Data source connector concepts
This topic outlines specific concepts and features of Amazon Q Business data source connectors. These concepts are key to understanding how to configure your connector setup. These terms recur on the AWS Management Console, AWS Command Line Interface (AWS CLI), and the Amazon Q API.
Topics
Source and endpoint metadata
You enter your data source configuration information in the
Source section on the console. If you use the API, you
specify this information using the configuration
parameter of the
CreateDataSource
operation. Connection configuration
information varies depending on the data source. To make sure your connector
configures correctly, check the following details:
-
You're following connector configuration best practices.
-
You've completed the prerequisites for data source configuration. Prerequisites information specific to your data source connector is on each connector's specific page.
Authorization
Amazon Q Business connectors index access control list (ACL) information that's attached to a document along with the document itself. For document access control lists, Amazon Q Business indexes the following:
-
user email address
-
group name for the local group
-
group name for the federated group (for example, if you have a Microsoft SharePoint data source integrated with Azure AD
Then, Amazon Q Business stores the ACL information it indexes in the Amazon Q Business User Store to create user and group mappings and filter chat responses based on the end user's access to documents.
An Amazon Q Business connector updates any changes in ACLs each time that your data source content is crawled. To capture ACL changes to make sure that the right end users have access to the right content, re-sync your data source regularly.
Connectors support crawling ACL and identity information for all data sources where the feature is supported. To index documents without ACLs (as public documents) ensure these documents are already marked public in the enterprise data source the connectors index the content from.
Note
Amazon Q Business supports crawling ACLs for document security by default. As a general rule, turning off ACLs and identity crawling are no longer supported. In preparation for connecting Amazon Q Business applications to IAM Identity Center, enable ACL indexing and identity crawling for secure querying and re-sync your connector. Once you turn ACL and identity crawling on you won't be able to turn them off. Certain connectors provide you with the ability to manage ACLs by enabling or disabling them during data source creation. To create a data source with ACLs disabled, you need specific IAM permissions. For more information, see Setting up.
If you delete a group in the User Store and then re-create it later with the same name but with different group members, document ACLs which contain this group may be impacted. We recommend that this type of change (deleting or re-creating a group with the same name but with different group members) be done in the data source instead of the Amazon Q Business User Store.

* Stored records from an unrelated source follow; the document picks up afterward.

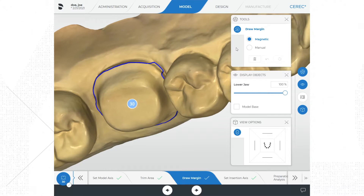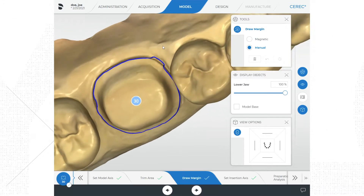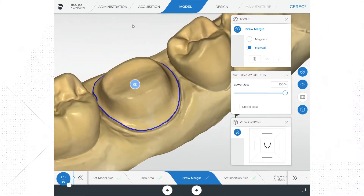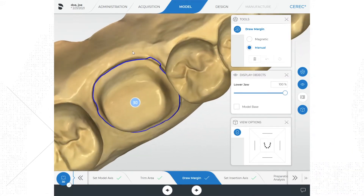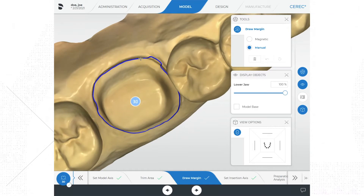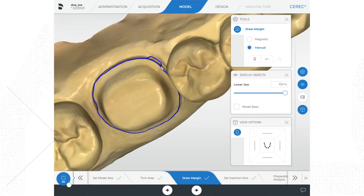I like to rotate the model and look at the margin tracing from different angles. Look for any places where the margin may have dropped off, moving down the side of the tooth, or where the tracing may have created peaks or sharp transitions. If you need to fix any areas, start on the left or right of the area that needs to be fixed and do a double left-click on the line. Trace over the area that needs fixing, doing small left-clicks along the way if needed, then lock off the adjustment with a double left-click.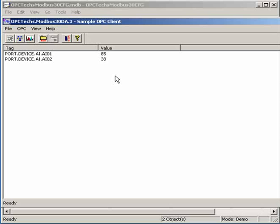Look at the values here. The values change all the time. The values are from OPC server, but right now I did not connect with the real devices. So the value is generated by OPC server automatically. That's why we call it simulation mode.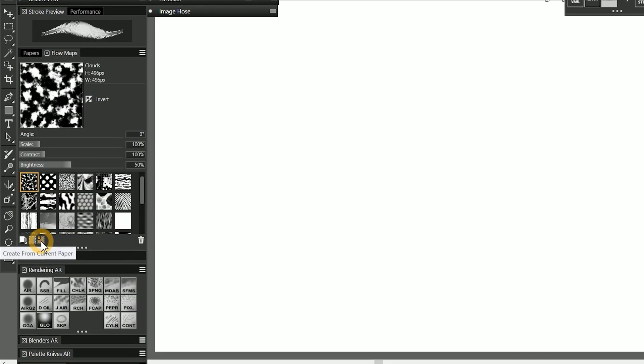You can also create new flow maps by converting the papers into flow maps. And likewise, it is possible to create a paper from a flow map.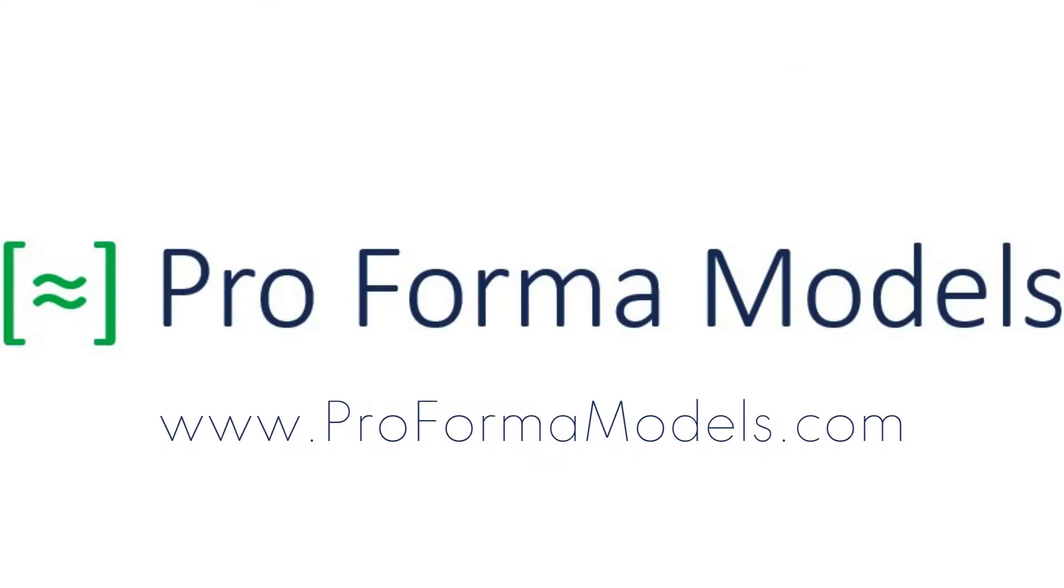Thank you for tuning in. We hope you enjoyed this pro forma models walkthrough and encourage you to visit our website to try the model for yourself.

If you re-use an email address between users (for example a user leaves the company and at a later time a new user joins the company and has the same email address), you must delete the original user from the User Store. Amazon Q Business will verify if all the attributes of the new user from the IAM Identity Center matches those of the user in the User Store. If an older user with the same email address but with different attributes is found, the API calls for that user (for example, the query request) will be denied.
Important
Inadvertent mistakes when you update the User Store’s user, group, group membership, and mapping information can result in unintentional and unacceptable changes in the accessibility of documents to users.
Treat the ability to update the User Store to create users, update users, delete users, create groups, update groups, delete groups (i.e, create update delete operations), and update the mappings, as a privileged operation.

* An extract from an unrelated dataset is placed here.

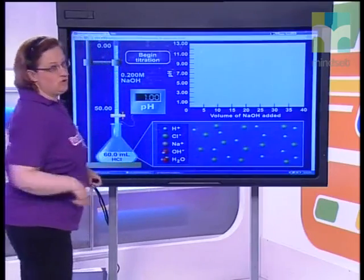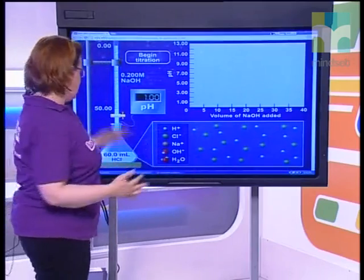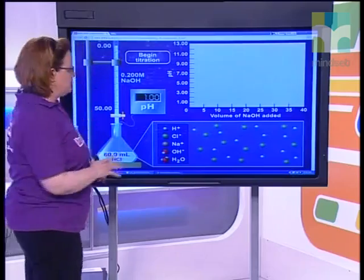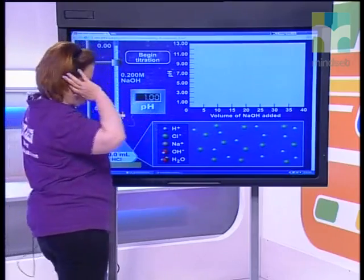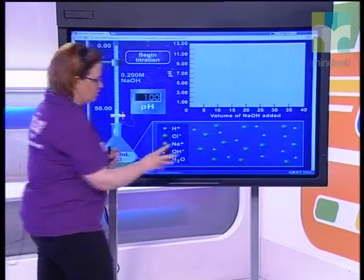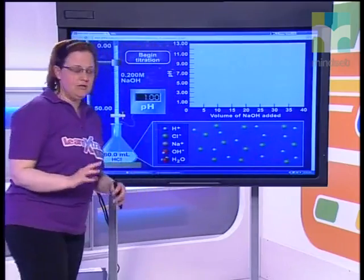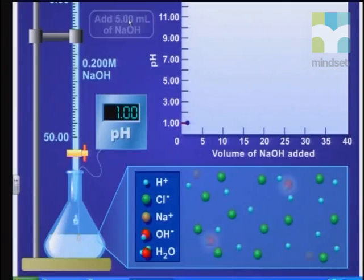The nice thing is that it uses a pH meter — a great way to do these. You would either do this with an indicator which changes color, or with a pH meter. Now, what we're going to do — and I specifically want you to look at the bottom right-hand side of the screen where it shows you how the molecules change — we're going to begin the titration, and I'm going to add five mils of sodium hydroxide.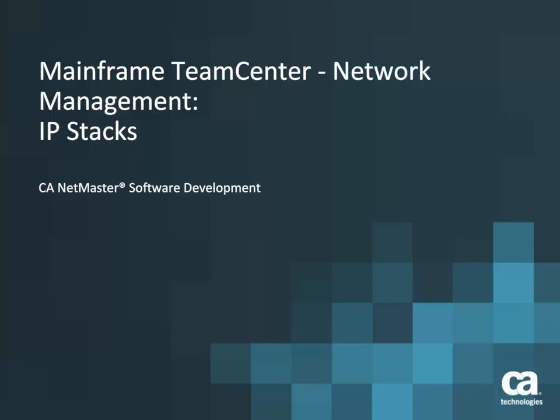Welcome to this short video on how to use the IP Stacks page in Mainframe Team Center Network Management. The IP Stacks page lets you diagnose problems with your TCP IP stack by displaying information about the TCP IP applications and IP resources.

Ensure that access to the User Store APIs is provided only to admin who fully understand how to use these APIs and the implications of these changes on your document security. We recommend establishing a documented approval process be followed for making such changes.
Authentication
To authenticate Amazon Q Business to access your data source, you
provide your data source access credentials to Amazon Q Business using an
AWS Secrets Manager secret. If you use the console, you can choose to create a new secret
or use an existing one. If you use the API, you must provide the Amazon Resource
Name (ARN) of an existing Secrets Manager secret when you use the
CreateDataSource
operation.
Note
You should regularly refresh or rotate your credentials and secret details. Provide only the necessary access level for your own security. Don't re-use credentials and secrets across data sources.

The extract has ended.